Dataset records:
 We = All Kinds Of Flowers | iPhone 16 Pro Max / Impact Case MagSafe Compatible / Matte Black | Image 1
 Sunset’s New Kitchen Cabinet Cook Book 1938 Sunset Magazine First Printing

---

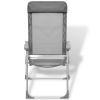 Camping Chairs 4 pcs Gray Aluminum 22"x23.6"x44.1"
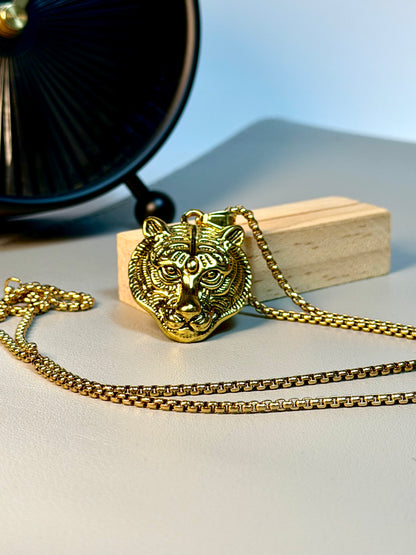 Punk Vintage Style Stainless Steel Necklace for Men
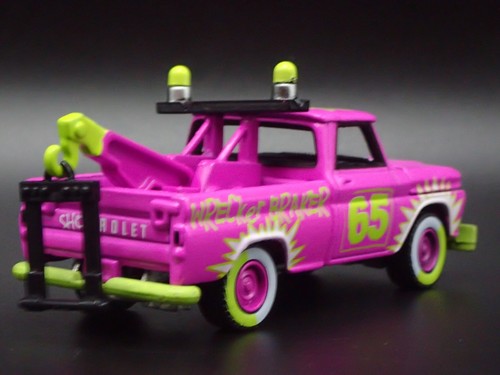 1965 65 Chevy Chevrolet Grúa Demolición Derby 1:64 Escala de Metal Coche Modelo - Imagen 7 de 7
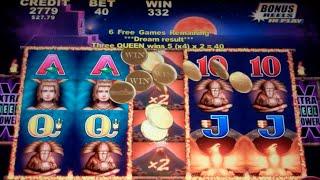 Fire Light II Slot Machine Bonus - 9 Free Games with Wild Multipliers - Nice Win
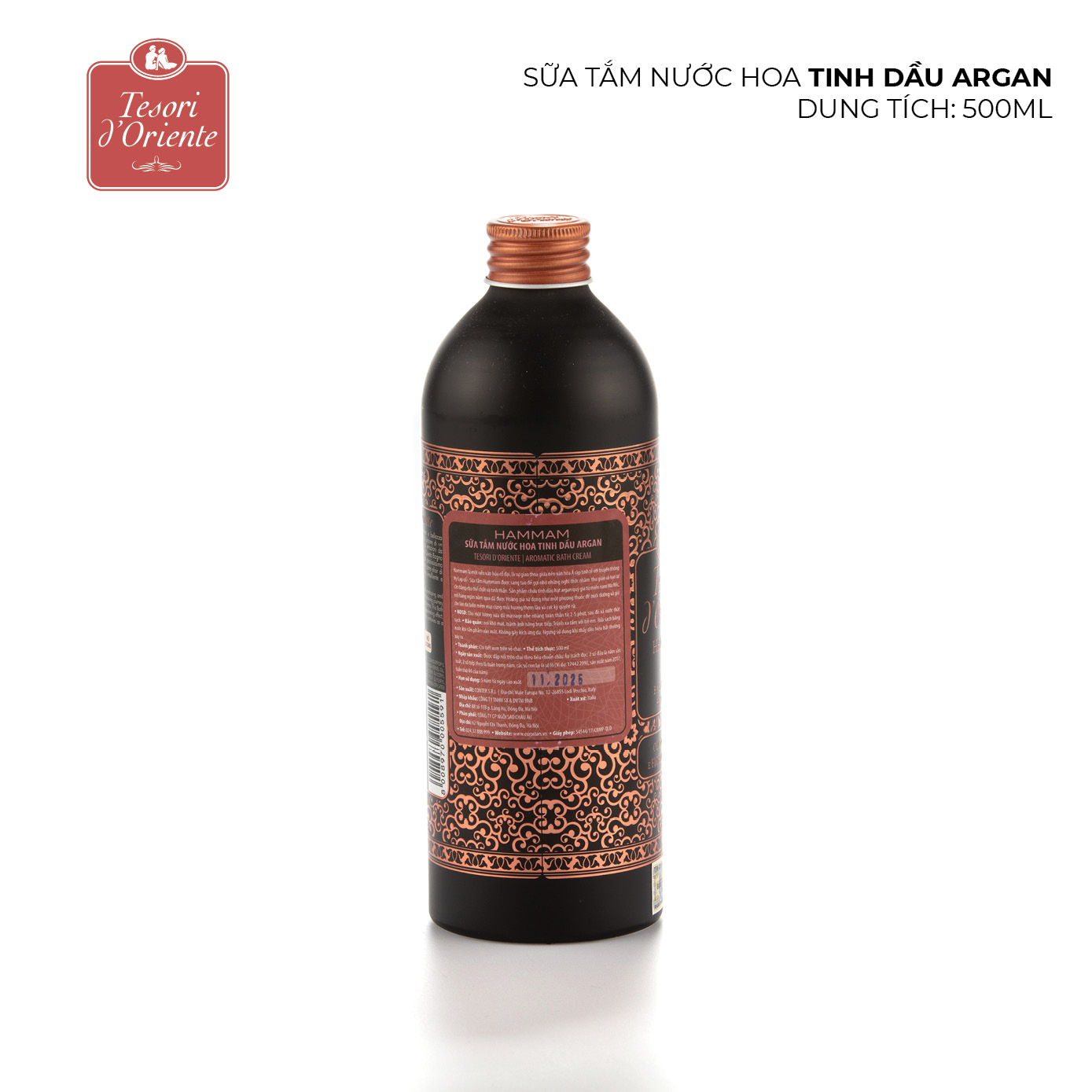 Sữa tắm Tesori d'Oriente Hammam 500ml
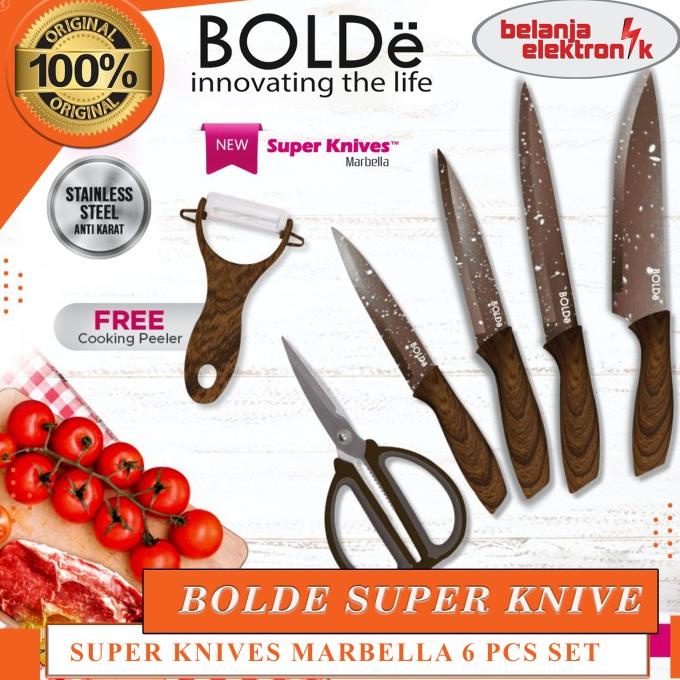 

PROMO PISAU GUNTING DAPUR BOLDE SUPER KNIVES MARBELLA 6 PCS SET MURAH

Exercise brief: Only the lines above starting with the one with "We = All Kinds" and going through the one with "Sunset’s New Kitchen" are to be copied, word for word and with both ends kept.

Answer area:
 We = All Kinds Of Flowers | iPhone 16 Pro Max / Impact Case MagSafe Compatible / Matte Black | Image 1
 Sunset’s New Kitchen Cabinet Cook Book 1938 Sunset Magazine First Printing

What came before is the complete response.